Pedro, sobre esa piedra edificarás tu iglesia. Así habló el dios de la política española. Pedro vino primero. Y después Pablo. Y después Santiago. Y luego un joven Albert que se fotografió desnudo, como el destino lo trajo al mundo. Eran los hijos de un sueño: acabar con el caduco bipartidismo que había funcionado desde la transición. Un modelo acabado –decían– un turnismo entre los dos grandes partidos que eran sustancialmente lo mismo: casta, puertas giratorias, influencias... partitocracia.

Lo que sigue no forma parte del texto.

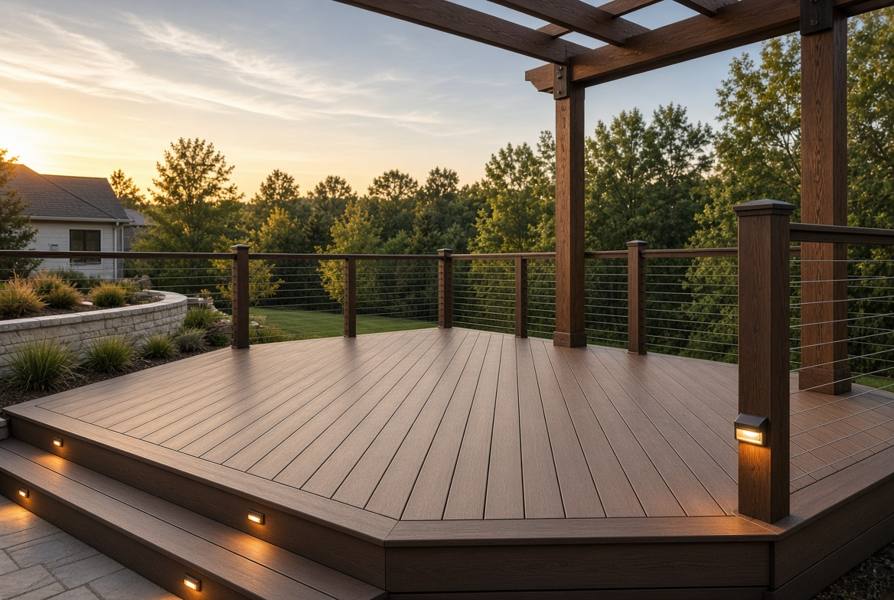 Premium composite deck with cable railing and step lights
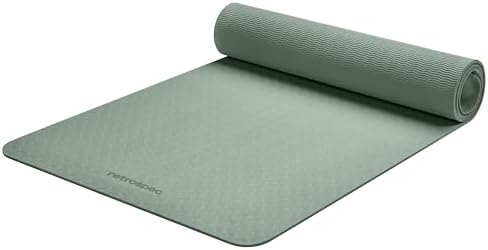 Retrospec Zuma Yoga Mat 6mm Thick Non-Slip TPE Exercise Mat | Cushioned Workout Mat for Yoga Pilates and Home Stretching | 72 x 24 with Carrying Strap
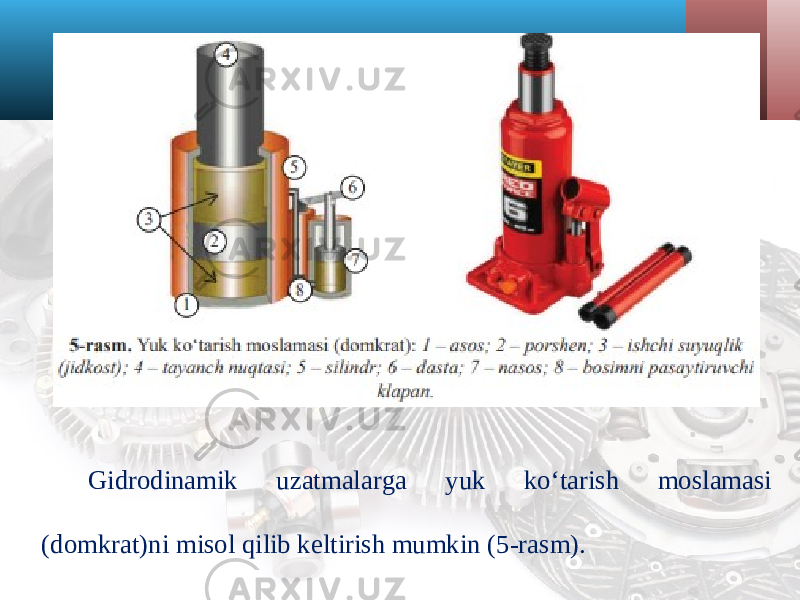 Gidrodinamik uzatmalarga yuk ko‘tarish moslamasi (domkrat)ni misol qilib keltirish mumkin (5-rasm). 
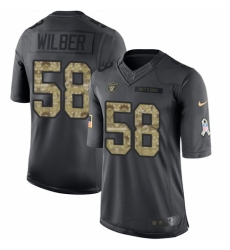 Youth Nike Oakland Raiders #58 Kyle Wilber Limited Black 2016 Salute to Service NFL Jersey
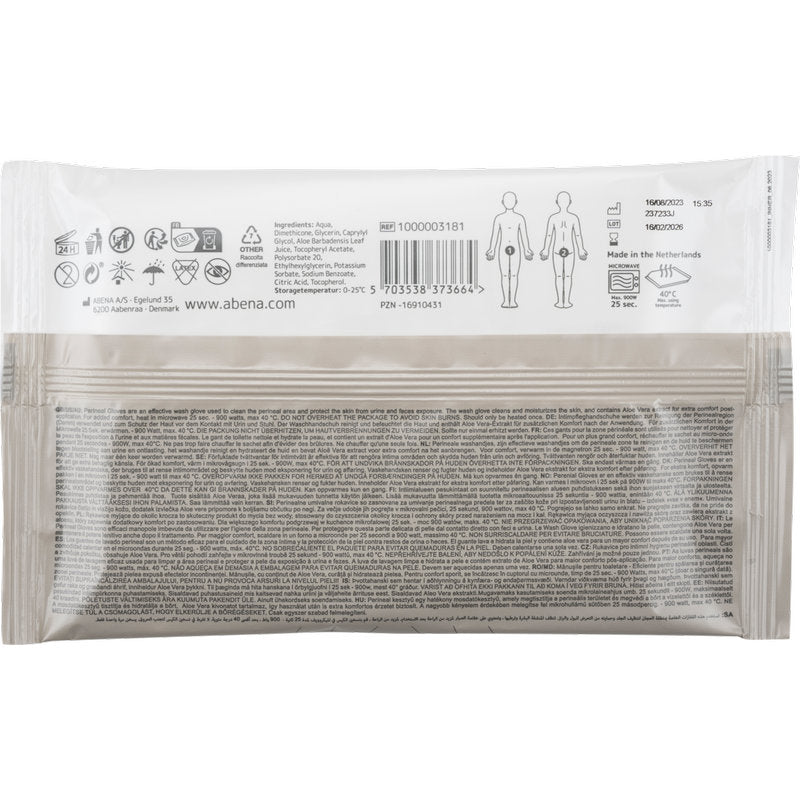 Rückansicht der Abena Re-Seller GmbH Perineale Handschuhe Packung (4 Stück) zeigt Symbole, Produktdetails, Anweisungen, Barcode, Firmeninformationen und Diagramme zur perinealen Pflege. Der Text wird in mehreren Sprachen angezeigt.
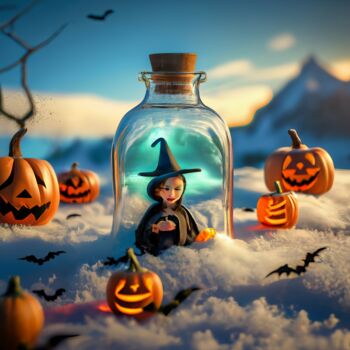 Arte digitale intitolato "Happy Halloween, cu…" da Emaga Travels By Emaga Art, Opera d'arte originale, Immagine generata dal…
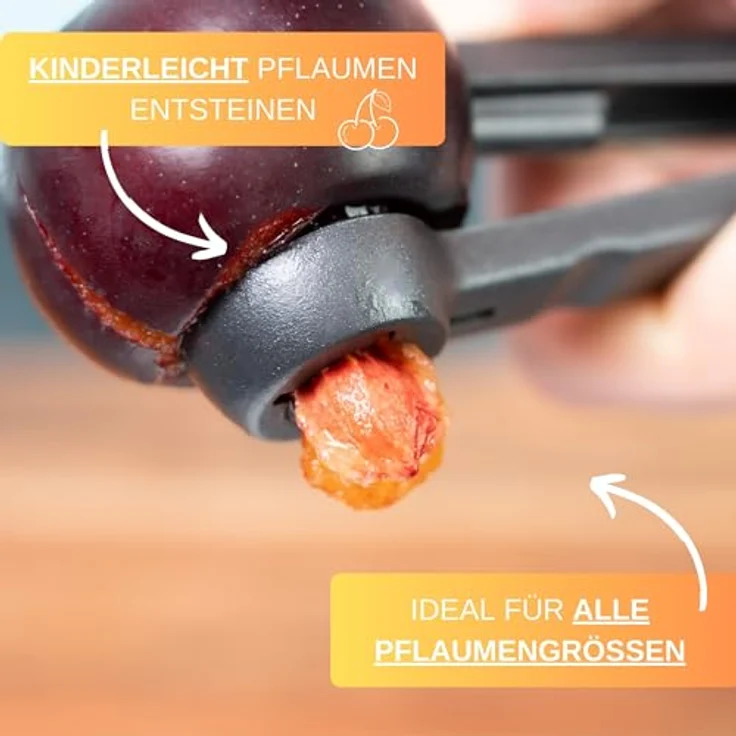 Thiru Entkerner mit robustem sternförmigen Entkernstößel, Kirsch-und Pflaumenentsteiner Set, Made in Germany, Sparset für Kirschen und Pflaumen – Bild 4
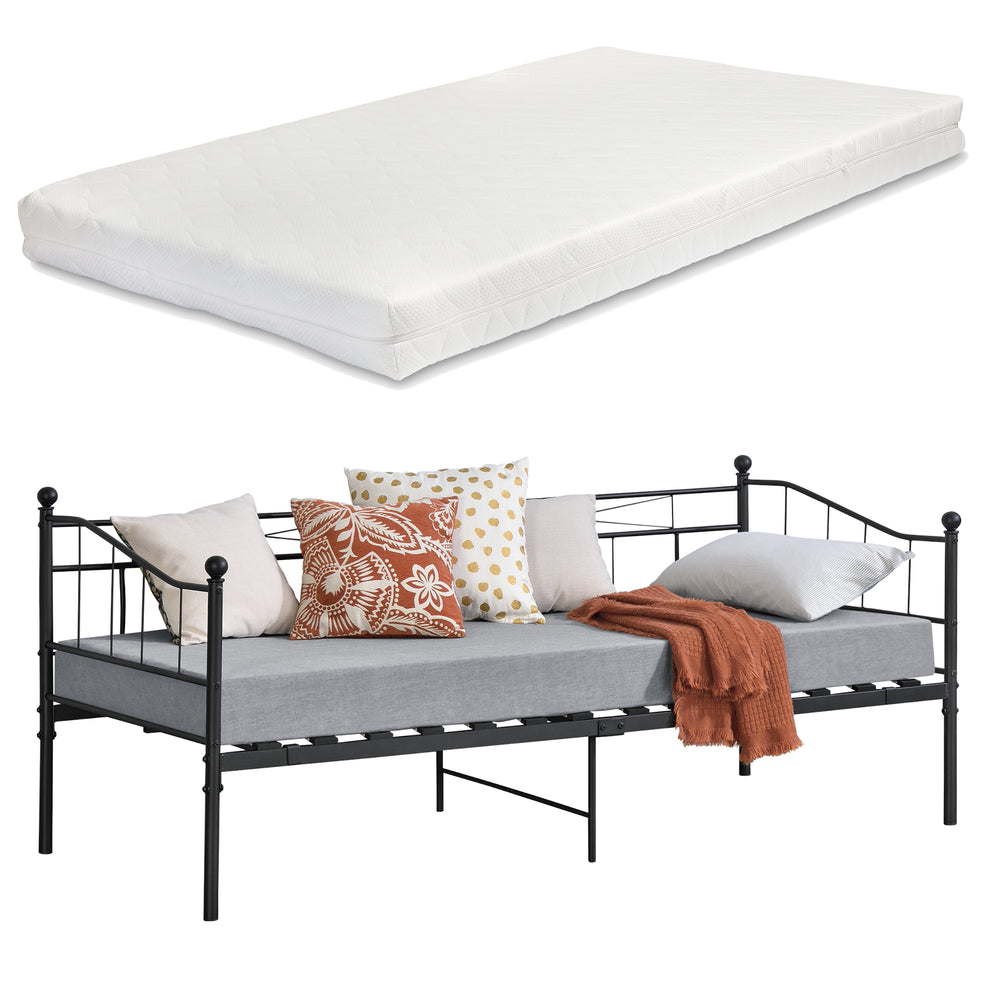 Metallbett Arjeplog 90x200cm mit Matratze versch. Farben en.casa - premiumXL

¿Y qué ha pasado en estos pocos años? ¿Qué es ahora nueva política? Pues más de lo mismo. La vieja política devoró sus pretensiones e hizo una satisfecha digestión de todos sus sueños y promesas, diluidos en los eficientes intestino de la casta. Ya no hay dos partidos, pero sí dos bloques. Y la brecha entre ellos se ha convertido en un abismo tenebroso y oscuro. Los jóvenes líderes han padecido una progreria vertiginosa, han asesinado a sus compañeros de viaje, han medrado para colocar a sus aparatos, se han deshecho en guerras intestinas, en envidias, en zarpazos, en zancadilla y han terminado mimetizándose con aquellos a quienes tanto criticaban.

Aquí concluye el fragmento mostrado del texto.